Crypto.Com Recovered $990 Million from FTX, CEO Says Balance Sheet Strong

  • Nov 16, 2022 at 3:51 am
  • Singapore-based crypto exchange Crypto.com’s chief executive said the firm will prove all naysayers wrong on the platform being in trouble, and that it has a robust balance sheet and took no risks. Chief executive Kris Marszalek took questions in a livestreaming YouTube address, and also said the platform always maintained reserves to match every coin customer held on its platform.  It’s exposure to failed cryptocurrency exchange FTX is minimal and its balance sheet remains robust, Kris Marszalek, the Singapore-based crypto exchange’s CEO, said during a recent interview.

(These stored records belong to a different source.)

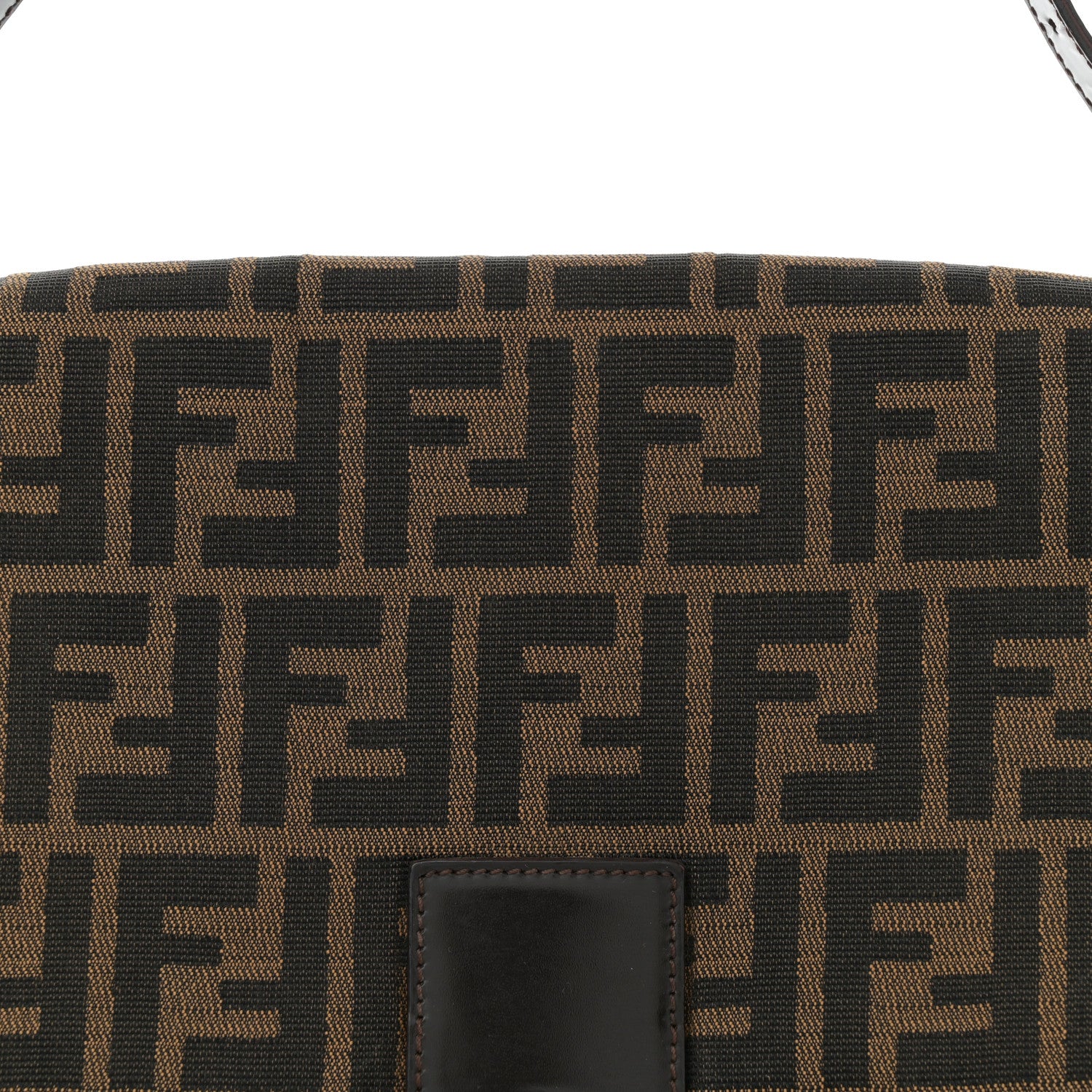 Fendi Zucca Mama Baguette Tobacco 8 of 11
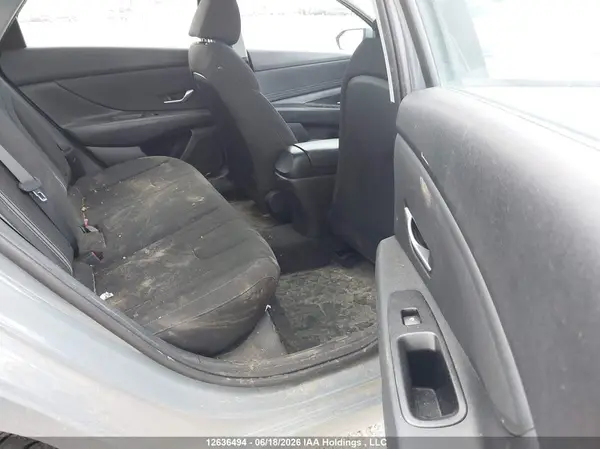 KMHLM4AG0PU377138 2023 HYUNDAI ELANTRA - Image 8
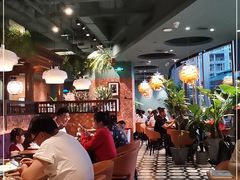 大堂-星叶·东南亚料理(宁波万象汇店)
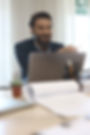 Smiling Businessman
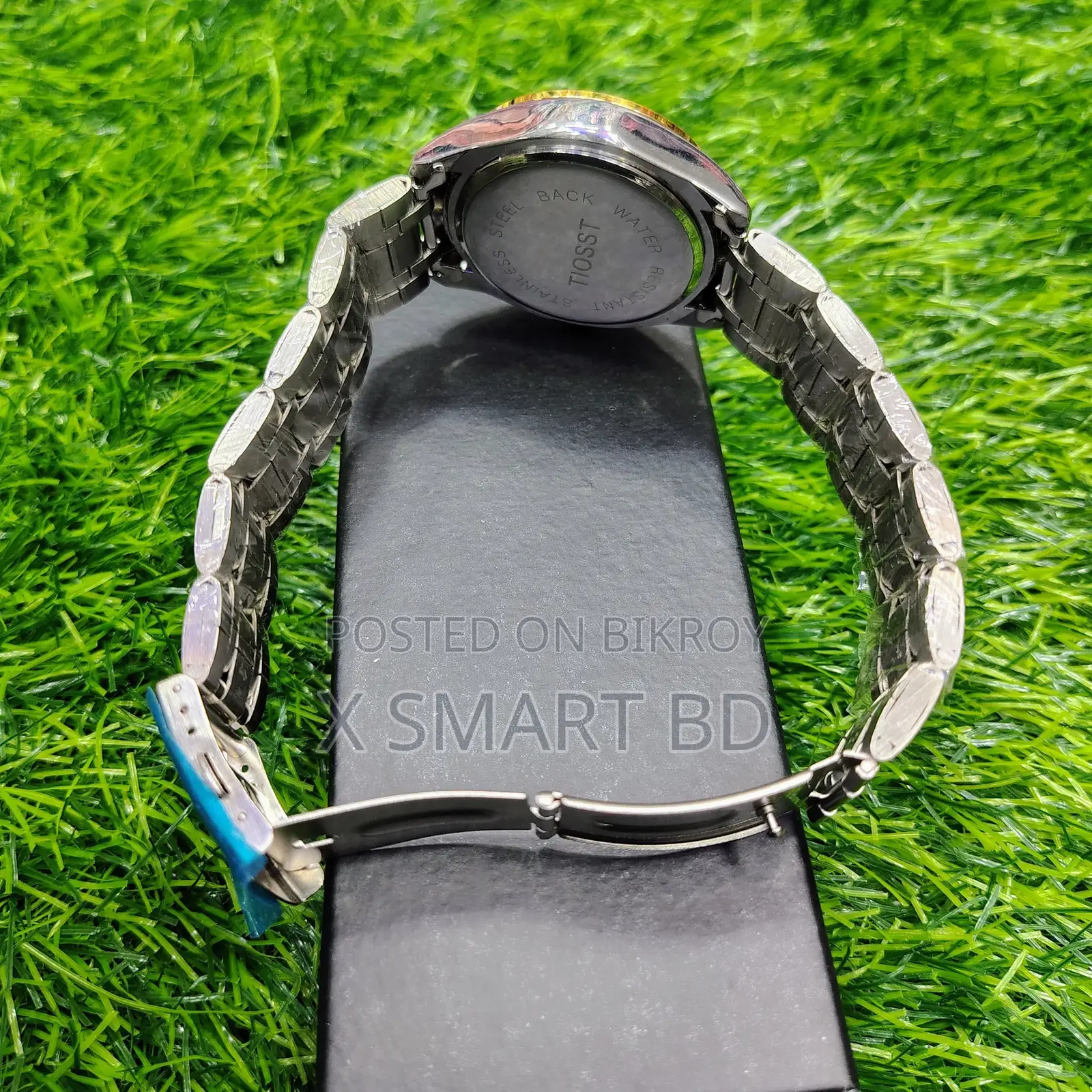 Tosst Analog Wrist Chain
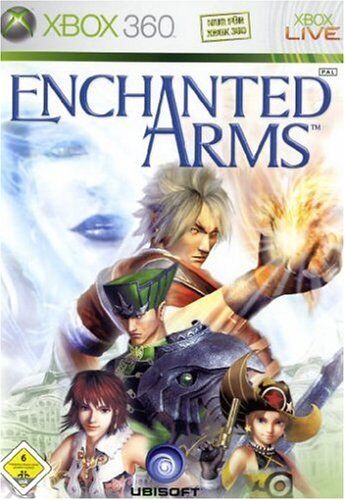 Ubisoft - Enchanted Arms - Preis vom 09.10.2026 07:28:09 h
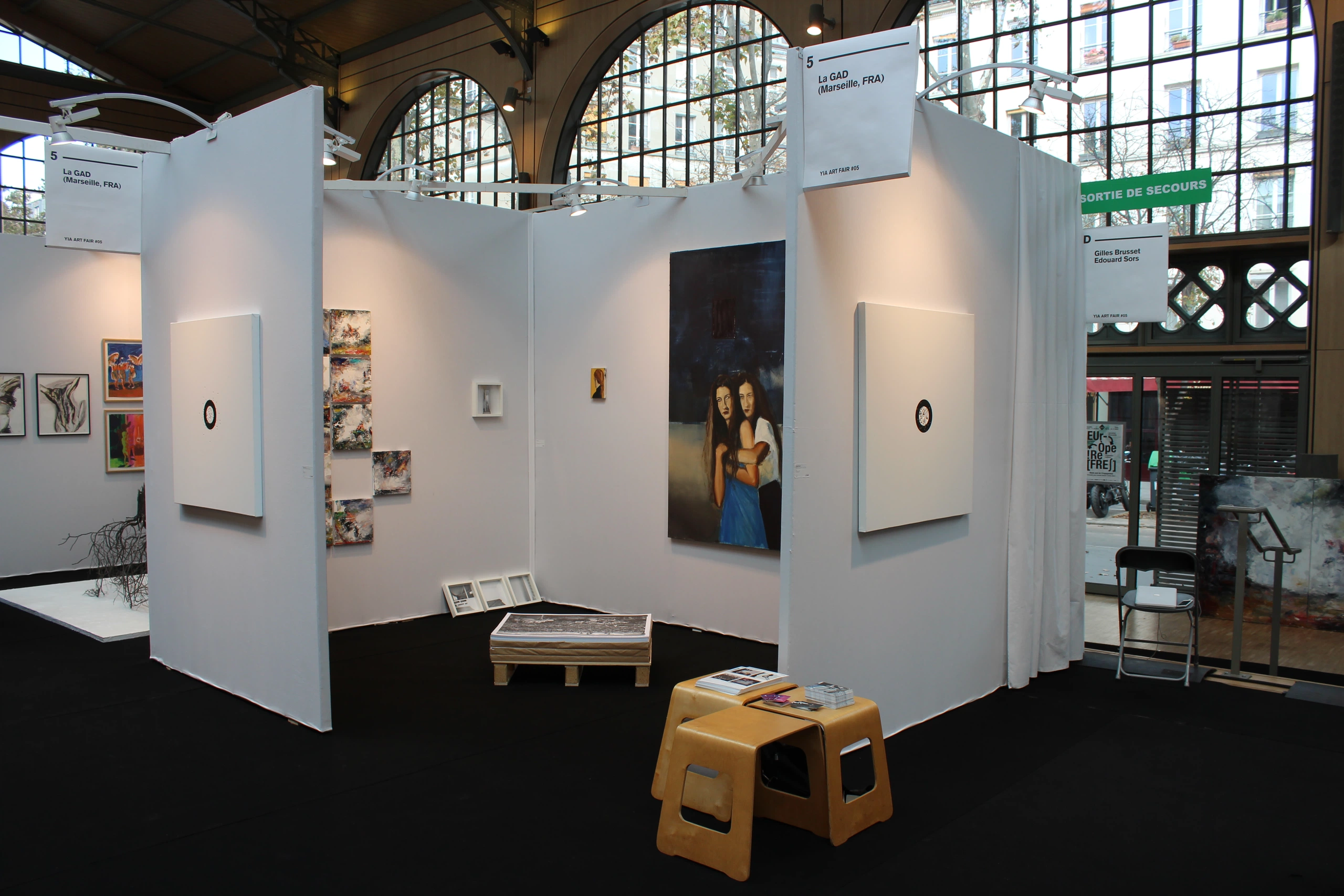 YIA ART FAIR #05 — vue 31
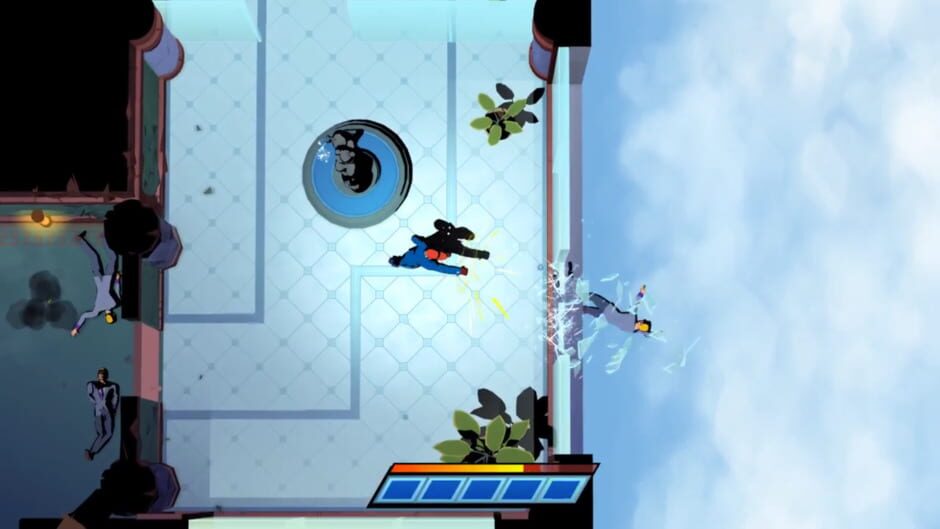 Capture de Mr. Shifty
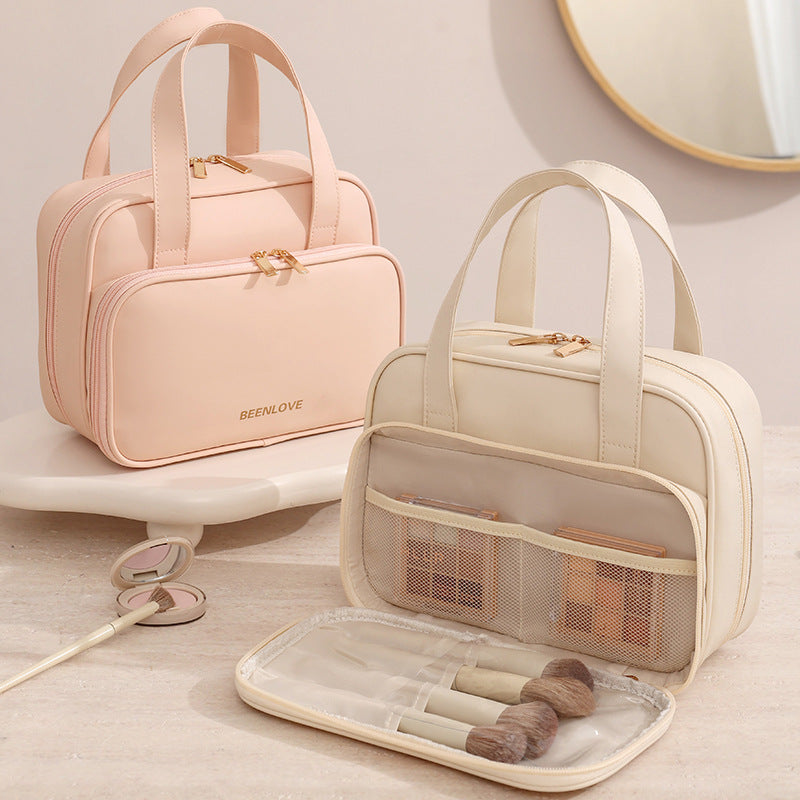 Premium Multifunctional Toiletry Organizer Bowlift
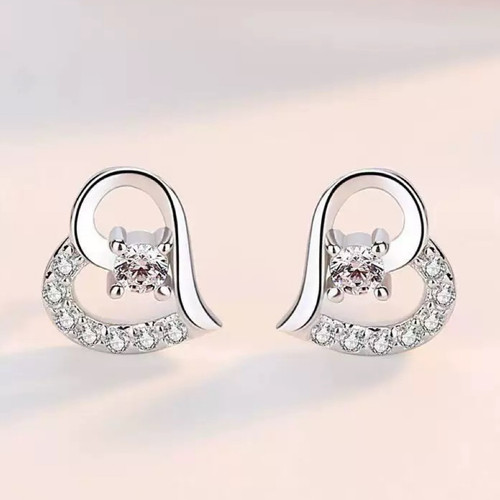 925 sterling silver crystal - 925,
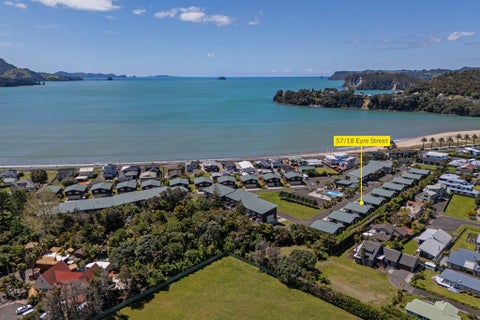 57/18 Eyre Street, Whitianga, Whitianga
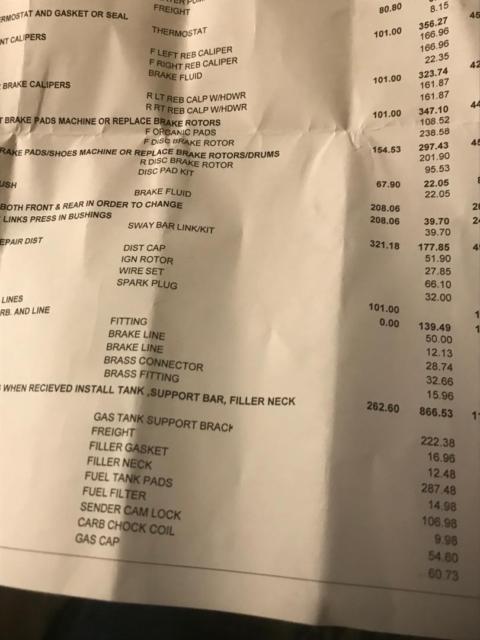 1969 White Chevrolet Corvette Coupe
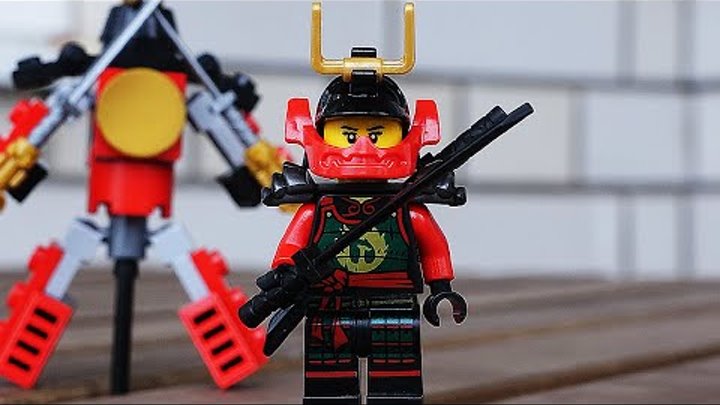 Ния - LEGO Dimensions (Fun Pack 71216 LEGO Ninjago)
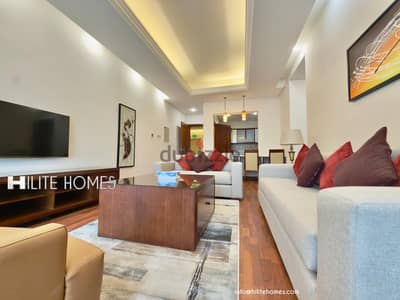 Fully Furnished Serviced apartment for rent in Jabriya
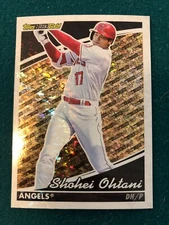 2022 Topps Update Baseball - INSERTS  ***You Pick the Cards***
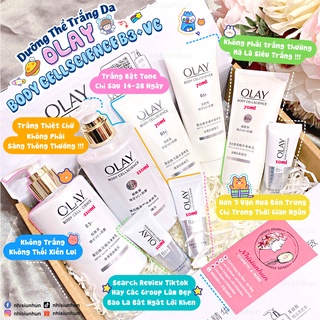 Dưỡng Thể OLAY B3 VITAMIN C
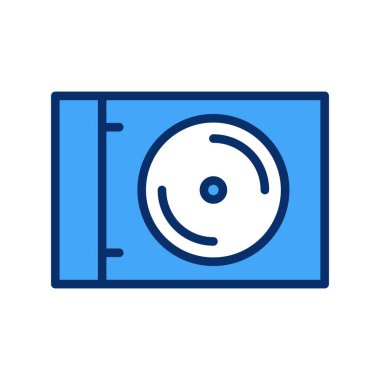 Bilgisayar donanımının vektör illüstrasyonu, dijital kavram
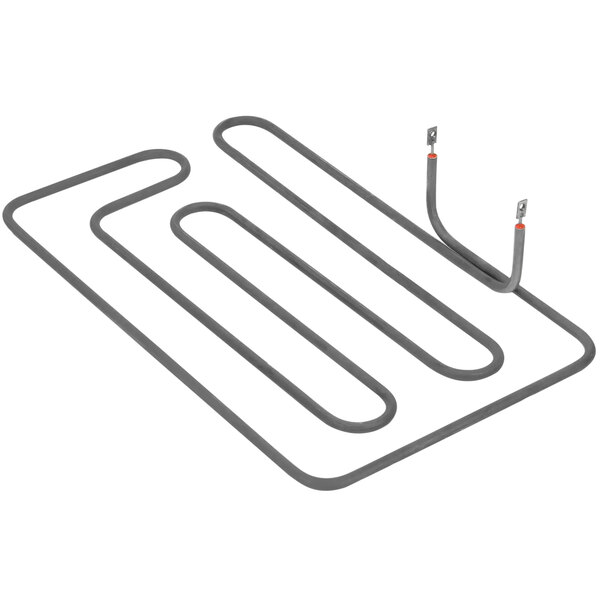 An APW Wyott heating element with wires.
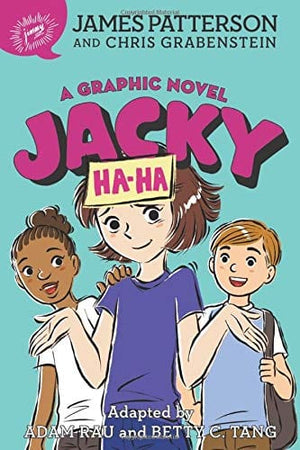 New Book Default Title / Hardcover Jacky Ha-Ha: A Graphic Novel (Jacky Ha-Ha (1))  - Paperback 9780316491952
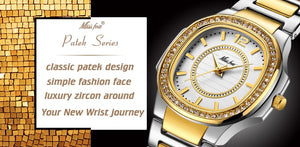 Women Fashion Watch Luxury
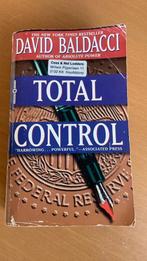 Total Control - David Baldacci, Boeken, Romans, Ophalen of Verzenden, Zo goed als nieuw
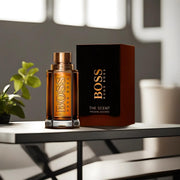 Hugo Boss The Scent Privet Accord EDT 100ml - Shams Shopping Centre Hugo Boss  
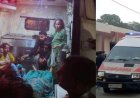 नैनीताल-कालाढूंगी मार्ग पर भीषण ट्रैफिक हादसा, खाई में गिरी टेंपो ट्रैवलर; दो महिलाओं की जान गई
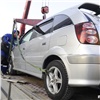 Центр Красноярска пообещали очистить от припаркованных авто за месяц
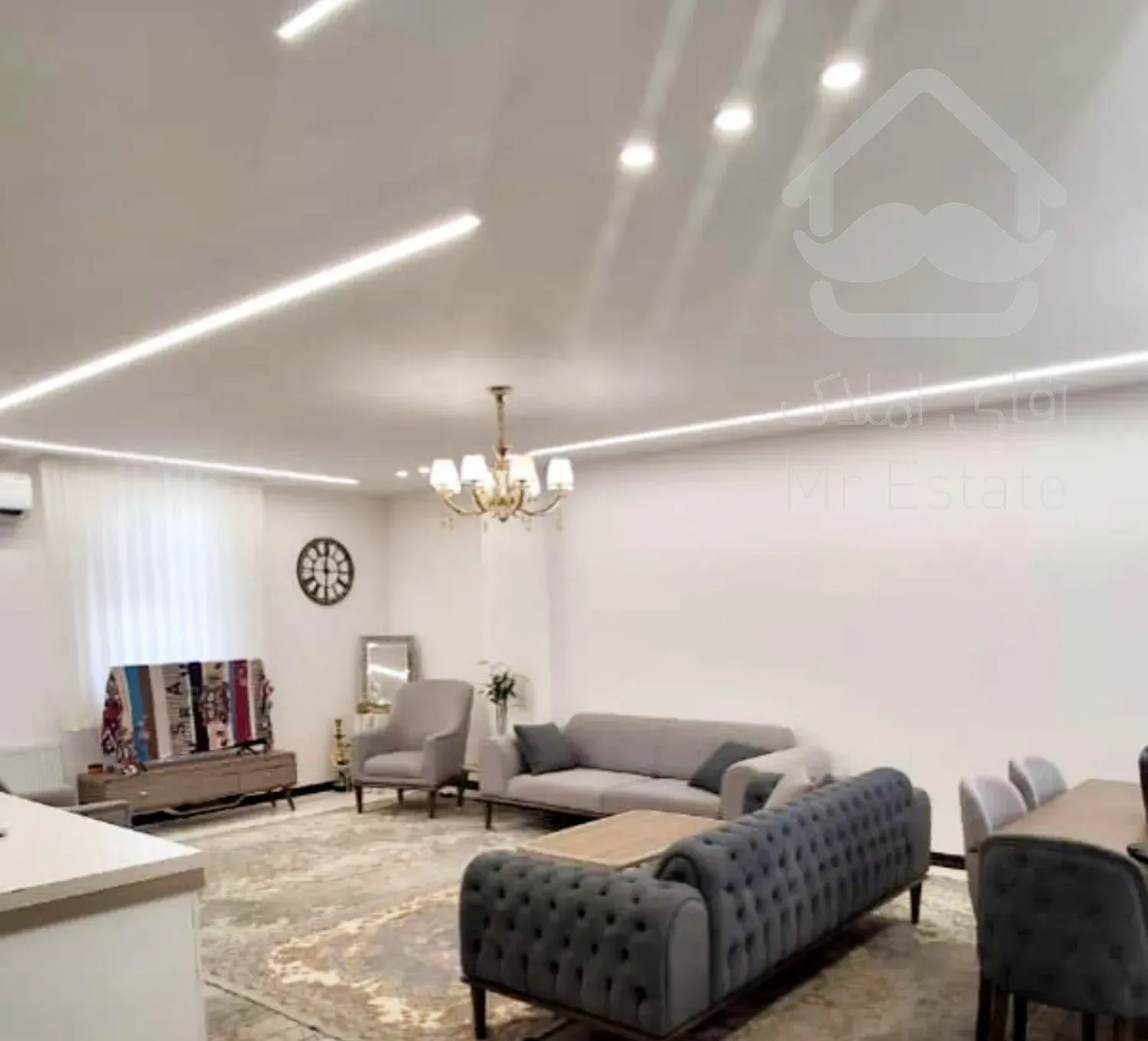 فروش و معاوضه آپارتمان مجتمع کارن (بل مدرس)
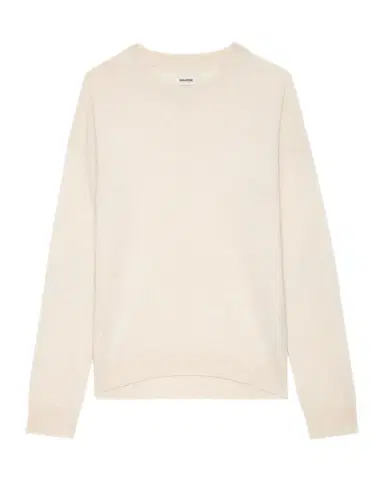Zadig & Voltaire Cici Star Elbow Patch Sweater | Thumbnail 1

Specifically, Marszalek said his company’s FTX exposure was limited to $10M after recovering $990M from the latter at an earlier date.  Over the past week, Crypto.com’s CRO token has dropped almost 45% on concerns the Singapore-based exchange will be the next to face a liquidity crisis. The exchange’s daily volume has collapsed from last year’s highs of around $4 billion to about $284 million this past October, according to data from Nomics, and withdrawals are on their way back up as users and investors remove their funds from the platform.  In the interview, Marszalek reiterated that the exchange has a strong balance sheet and said its exposure to FTX was limited to $10 million.  “We recovered $990 million from FTX,” Marszalek said, pointing out that fund flows between exchanges are a necessary part of the business.  An audit of Crypto.com is underway, but it will take some time. Audit firms “don’t work at crypto speed,” he said, emphasizing that Crypto.com and the industry both need full transparency to move forward.